The formula above translates into an appeal for budget reporting. IT managers of HP 3000s can complete this formula. YOLO is the ubiquitous You Only Live Once, sometimes broadcast in a tattoo. When added to 3000 IT managers' experiences, the formula may yield some of the most crucial costs of the CHARON virtualization engine for emulation.
The daring of YOLO is required because there's plenty at stake, even at MPE's advanced age. 3000 owners are often working with reduced budgets. Cost-effective computing is one good reason why the MPE/iX apps survive in a company. But some managers could acknowlege you'll only live once through homesteading your MPE/iX applications. It's not the hardware you're saving with Charon.
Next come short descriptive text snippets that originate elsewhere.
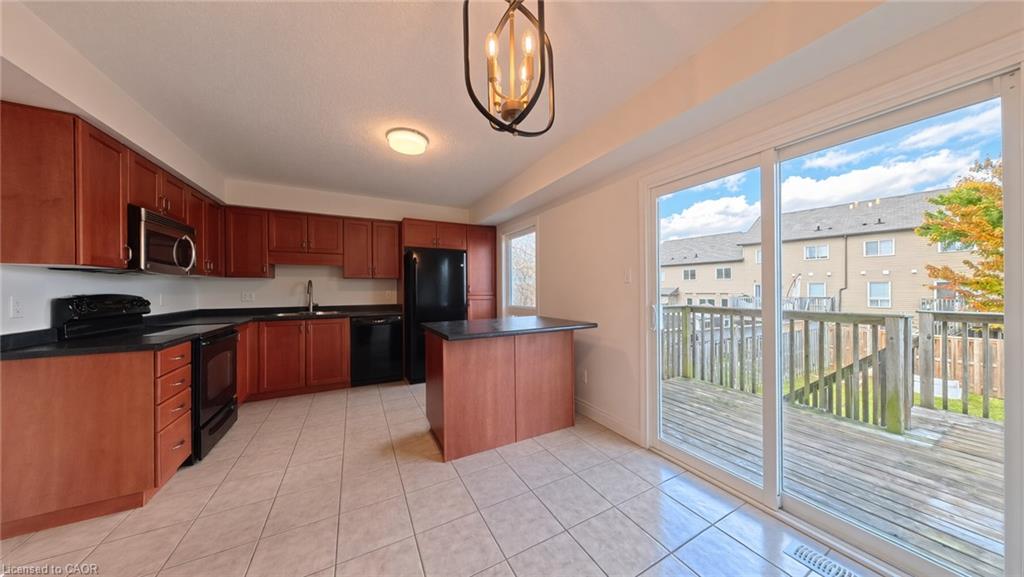 250 Parkvale Drive Property Photo 9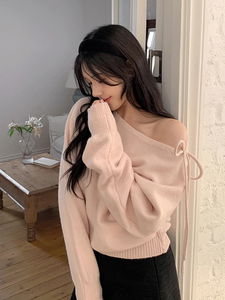 Moburn Tie Ribbon Boat Neck Knitwear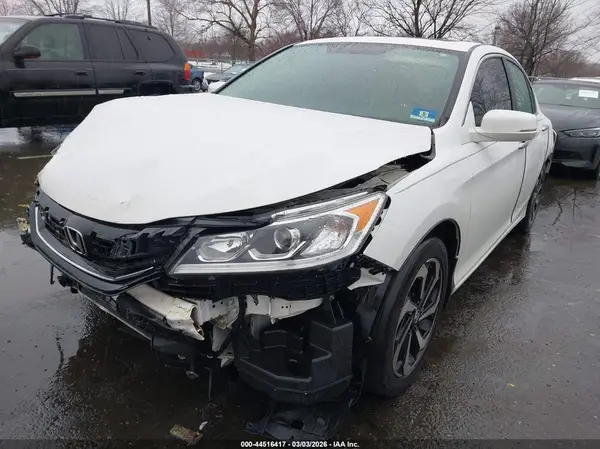 1HGCR2F71HA032367 2017 HONDA ACCORD - Image 2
The operating environment, your TurboIMAGE/SQL data, and the apps with their software helpers -- those are the orphans being rescued from any failing HP-branded computer.
So it figures that managers with nothing to lose can help other homesteaders get better information on the costs to virtualize. Costs can be fatal to a project. Many managers know they have something significant at stake: their relations with the software vendors who supply the help for HP 3000 operations. Surround code, it's been called. Some vendors are everywhere, like Robelle, Adager, Vesoft, PowerHouse, and so on. Add in the suppliers of key data transfer tools such as MB Foster. Everybody's got virtualization licensing practices in mind, if not executed yet.
The above list of vendors can include a show-stopper, by some customer reports. PowerHouse products, even something as fundamental as Quiz reports, have still been quoted at rates that can shelve a virtualization project. We recently heard about one at a 3000 manufacturer. The COSTINFO specifics were not forwarded. But in a budget-conscious community like the 3000's, even such prices in the low five figures can cause a HALT.
Then there's the manager whose operational best practices include lowering a profile with vendors. "I'm not old enough to retire," we often hear -- meaning that high visibility on vendors' radars could invite higher costs. Not good for any career built on economic prowess. No, not every vendor operates by watching for such an extra-fee opportunity. But enough do; some can be hungry for back-support revenues when they bring a customer back onto vendor support. Then there are the applications. Update fees for virtualizing an Ecometry installation, or something from the Infor stable of manufacturing apps, are not common-enough knowledge. Not for HP users.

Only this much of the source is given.